Alternatively, some acquirers jump right into the “marriage” by aggressively consolidating operations and actively seeking synergies among all participants. By combining operations and cross-selling products and services, the combined entity can reduce costs and grow revenue internally. This results in widening margins and accelerating earnings.
Although there are costs involved in the consolidation process, especially if the combined privately owned entity plans to go to the public markets for additional equity financing, roll-ups can result in an immediate increase in value. But to achieve such benefits, all participants in a roll-up should be financially sound. And if the roll-up is to follow a loose federation approach, each individual management team needs to be highly competent; not to mention able and willing to collaborate.

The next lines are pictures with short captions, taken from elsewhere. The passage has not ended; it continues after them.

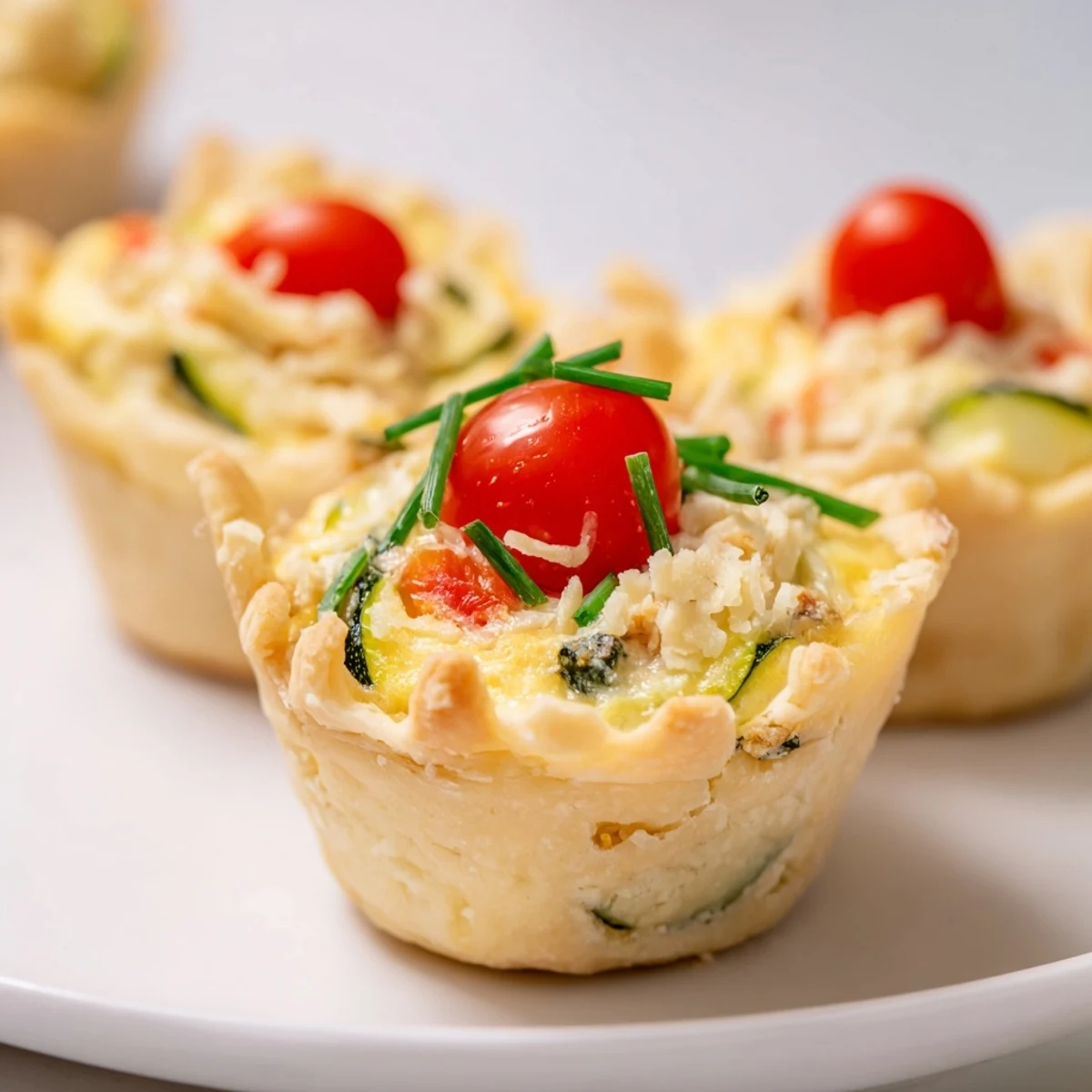 Delightful close-up of springtime Couronne Florale Mini Quiches, artfully arranged with vibrant edible flowers.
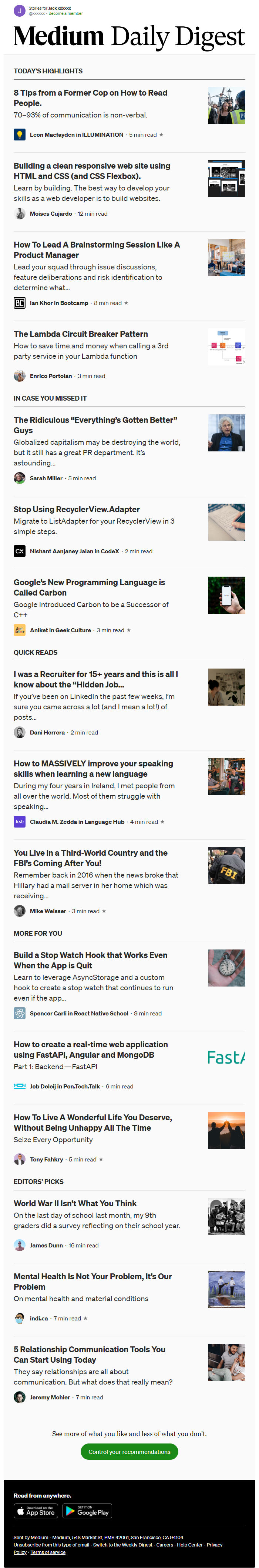 Screenshot of the email generated on import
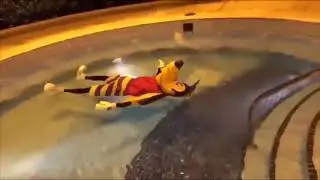 Goofy Floating In A Pool While Champagne Supernova Plays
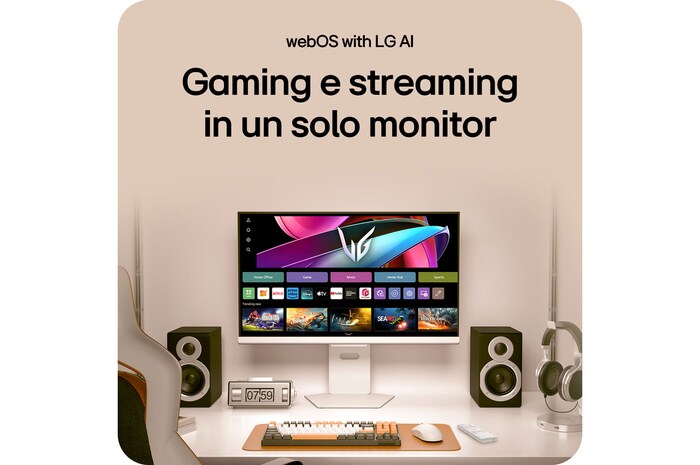 Monitor Gaming LG UltraGear 32G810SA come primo monitor gaming con webOS, che mostra l'interfaccia webOS con LG AI e le capacità Smart TV.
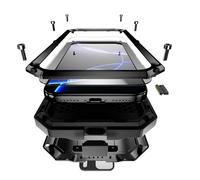 Compatible for iPhone 17 Pro Case, Aluminum Metal Gorilla Glass Shockproof Military Heavy Duty Sturdy Protector Cover Hard Case with Sliding Camera Cover & Screen Protector & Kickstand (Black)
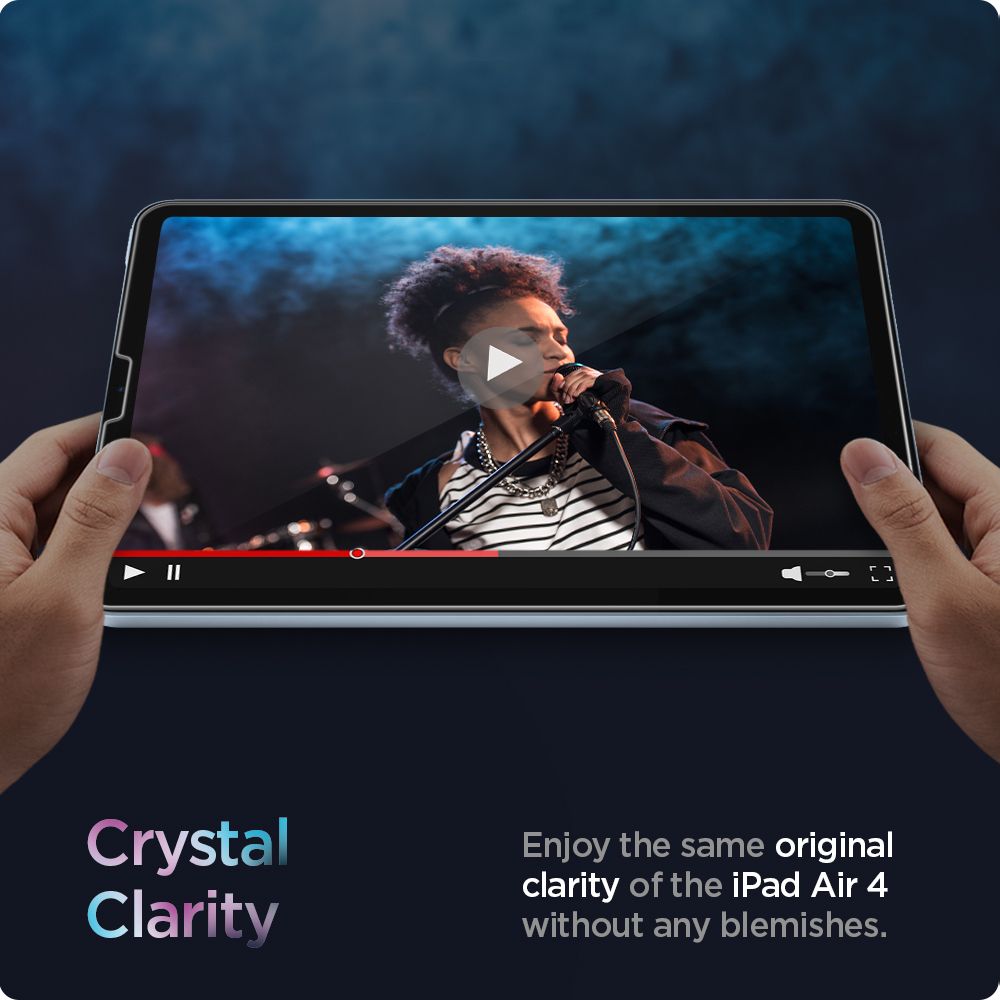 Película Protetora de Ecrã Spigen GlastR EZ FIT para Apple iPad Air (2022) / Pro 11 (2021) / Air (2020), Vidro Temperado, Full Glue AGL02065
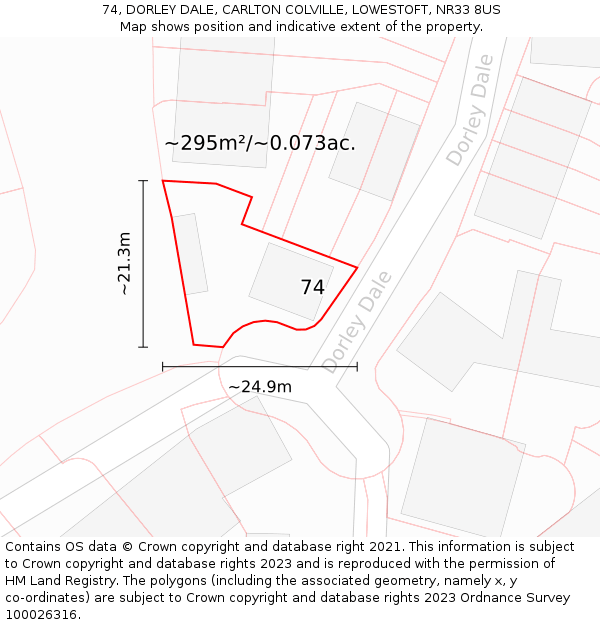 74, DORLEY DALE, CARLTON COLVILLE, LOWESTOFT, NR33 8US: Plot and title map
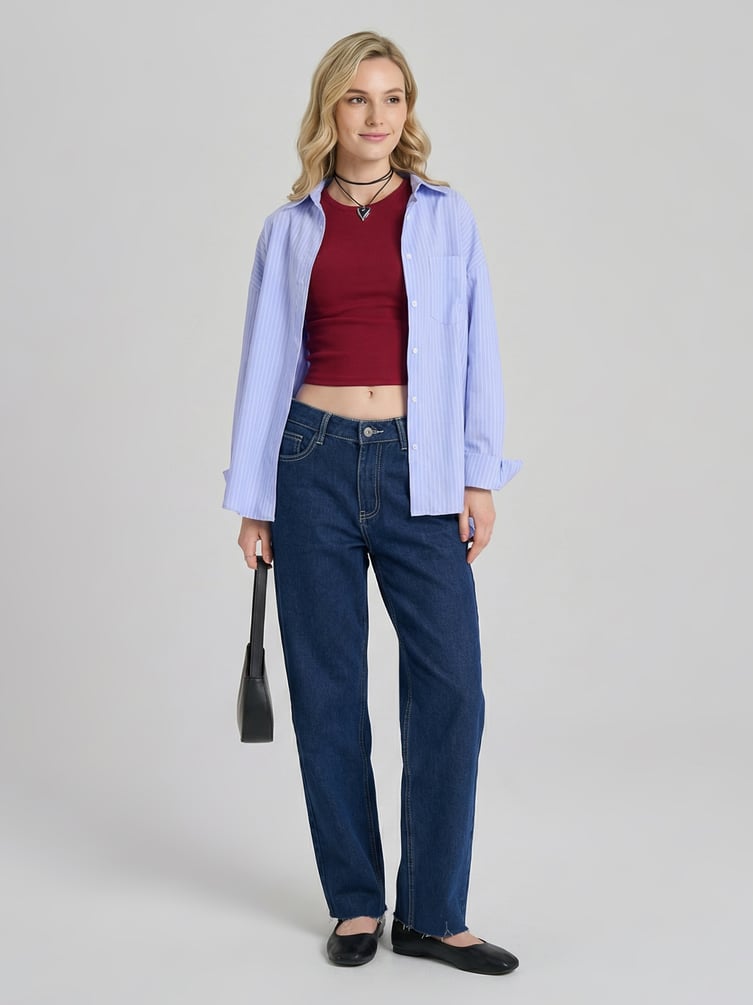 Джинсы прямые с необработанными краями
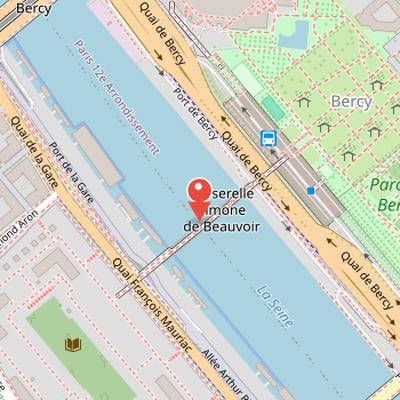 Map showing the location of Passerelle Simone-de-Beauvoir in Paris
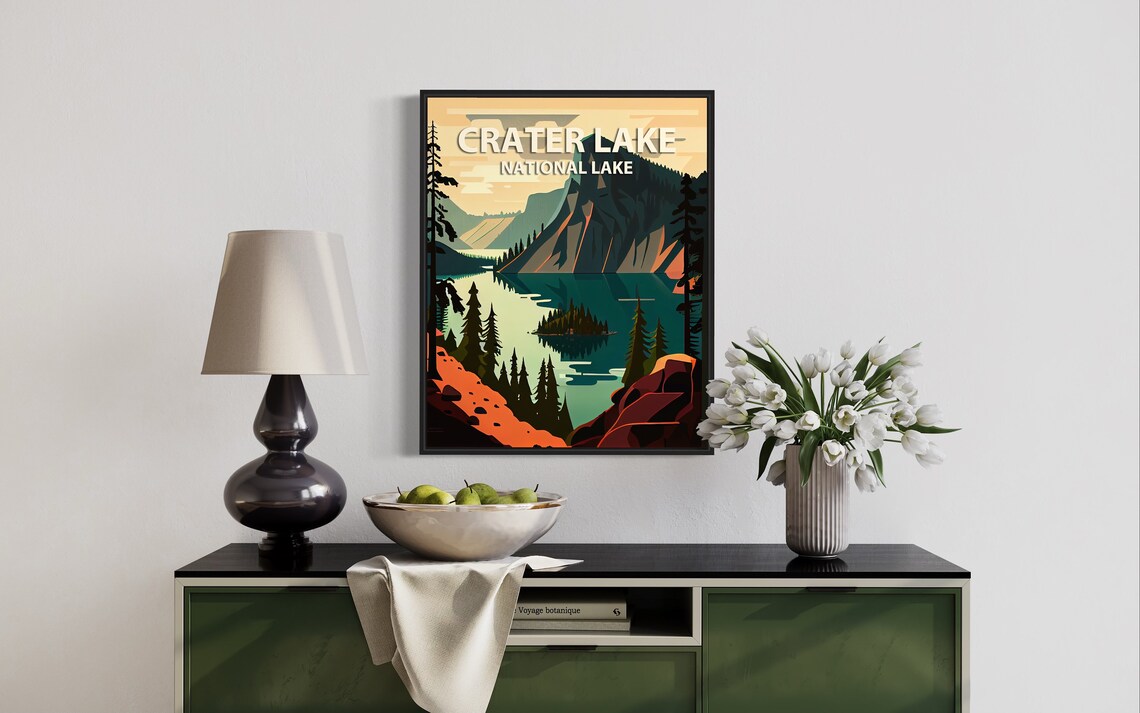 Crater Lake Deep Blue Caldera Pine Forest Scenic Travel Poster - Image 2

Unfortunately, roll-up success is the exception, not the rule. Too often, participants focus more on getting the deal done than on challenges after integration. And inattention to consolidation issues can lead to disaster for the businesses involved — and the creditors that they default on.
During the bull-market years of the late 1990s and early 2000s, “poof” roll-ups — in which several smaller companies combined to create the appearance of greater size, with no real integration strategy — were common. Typically, the goal was a quick windfall. And almost invariably, these transactions result in failure. Either their subsequent initial public offering (IPO) tanks or management teams are unprepared for successful management of the combined companies .
If one of your borrowers is contemplating a roll-up strategy, it may need financing to complete the deal or your bank’s approval (per their loan covenants). This is your chance to play devil’s advocate.
Discuss whether management has compiled a detailed plan for every aspect of integration, including employees, facilities, sales channels and IT. And if the smaller companies’ former CEOs will lead divisions of the larger entity, it’s critical to clearly define performance measurements and incentives. The decision to centralize control or operate divisions as largely autonomous entities also will be critical.
What if a borrower plans to take the roll-up to public markets to access greater funding? In this case, you must realistically discuss the costs of involvement. Public entities must submit to Securities and Exchange Commission scrutiny and adhere to the provisions of the Sarbanes-Oxley Act of 2002; which typically means increased marketing, accounting and legal costs. And regardless of the fundamentals, your borrower’s value may fluctuate based on general market conditions and the opinions of investment analysts.
The potential advantages of a roll-up, such as expanded access to financing and lower overhead costs, may be negated by inaccurate financial projections or a faulty integration strategy. As a banker, your role is to assist in the financial analysis and point out possible weaknesses in your borrower’s planning. This scrutiny and assistance will help lead to a more successful roll-up that will stand the test of time.